**Problem description**
Please reproduce all the data exactly as written and omit the pictures.

Captioned web images
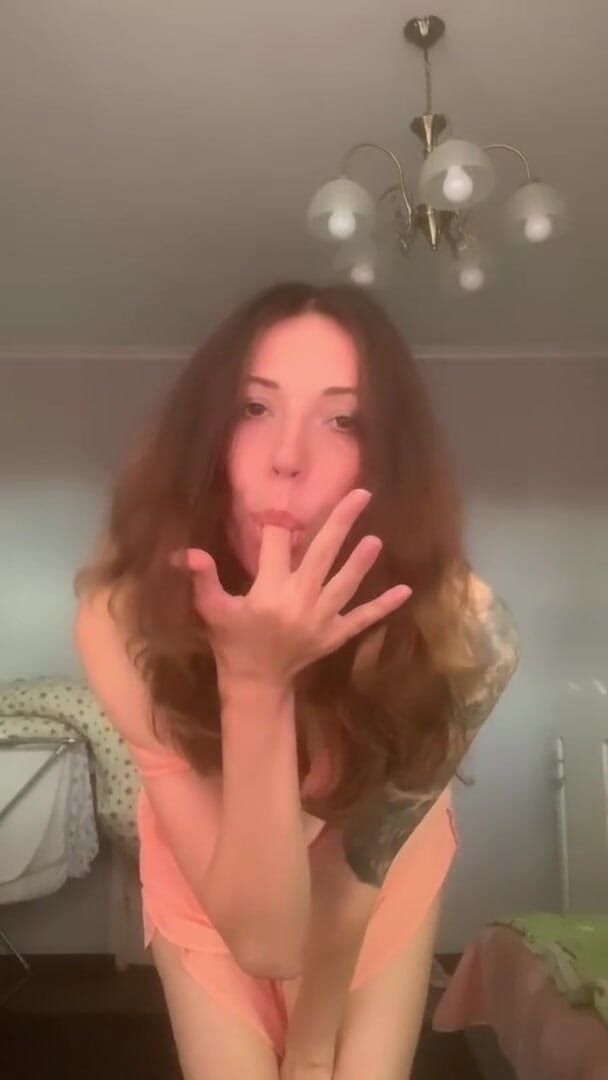 Tina Wink: Pisicuța ta sălbatică flirtează cu tine. Linge dopul de fund, își...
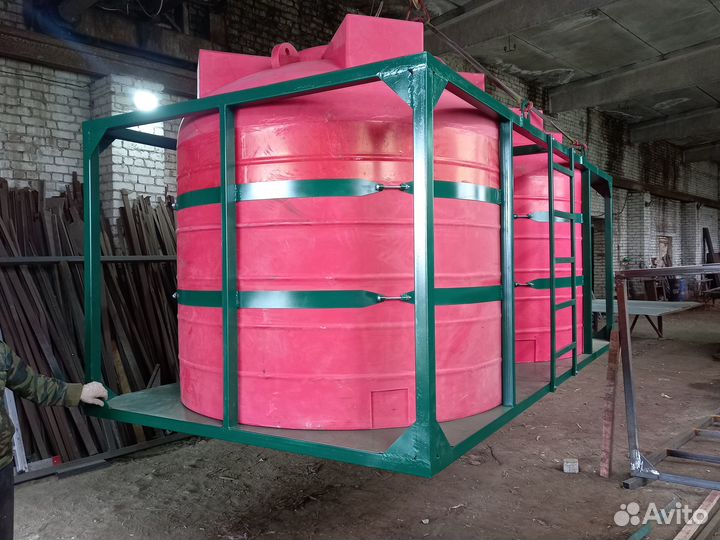 Емкость для перевозки воды. кас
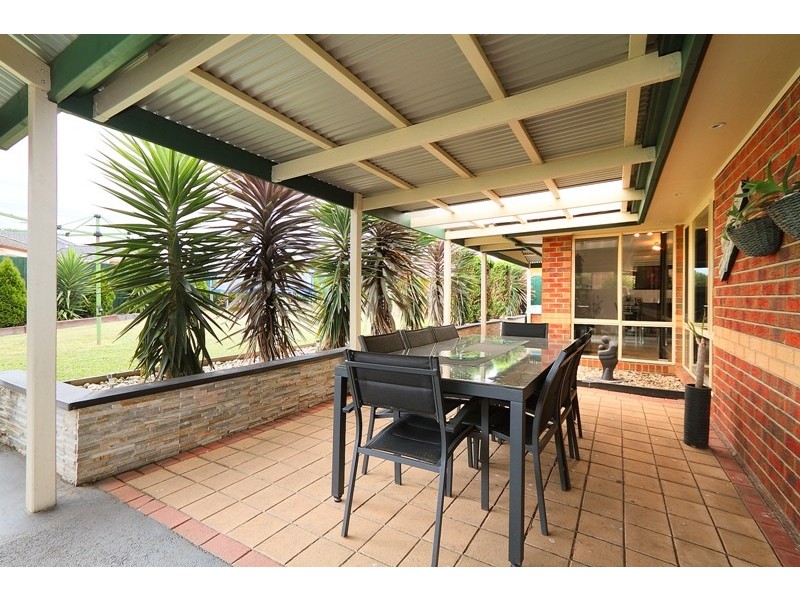 65 Baringa Park Drive, Narre Warren South VIC 3805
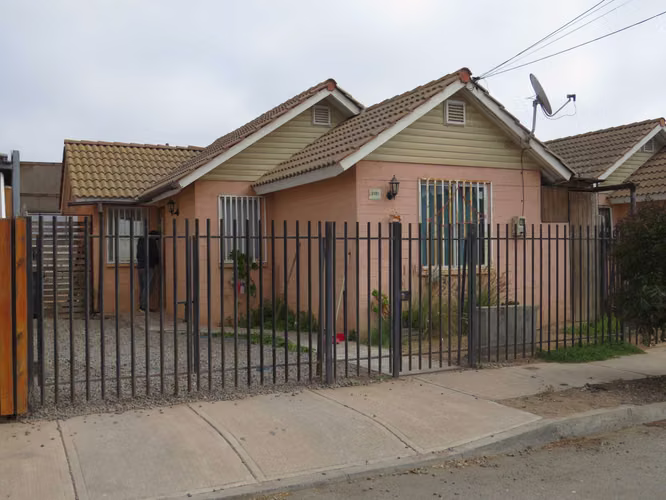 Casa Acogedora en Sector Tranquilo, Coquimbo (157083) - Imagen 2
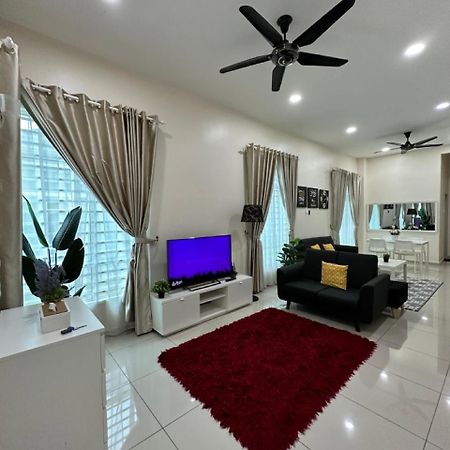 Rumahku Homestay, Taman Jasin Perdana Exteriér fotografie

**Answer to this task**
 Tina Wink: Pisicuța ta sălbatică flirtează cu tine. Linge dopul de fund, își...
 Емкость для перевозки воды. кас
 65 Baringa Park Drive, Narre Warren South VIC 3805
 Casa Acogedora en Sector Tranquilo, Coquimbo (157083) - Imagen 2
 Rumahku Homestay, Taman Jasin Perdana Exteriér fotografie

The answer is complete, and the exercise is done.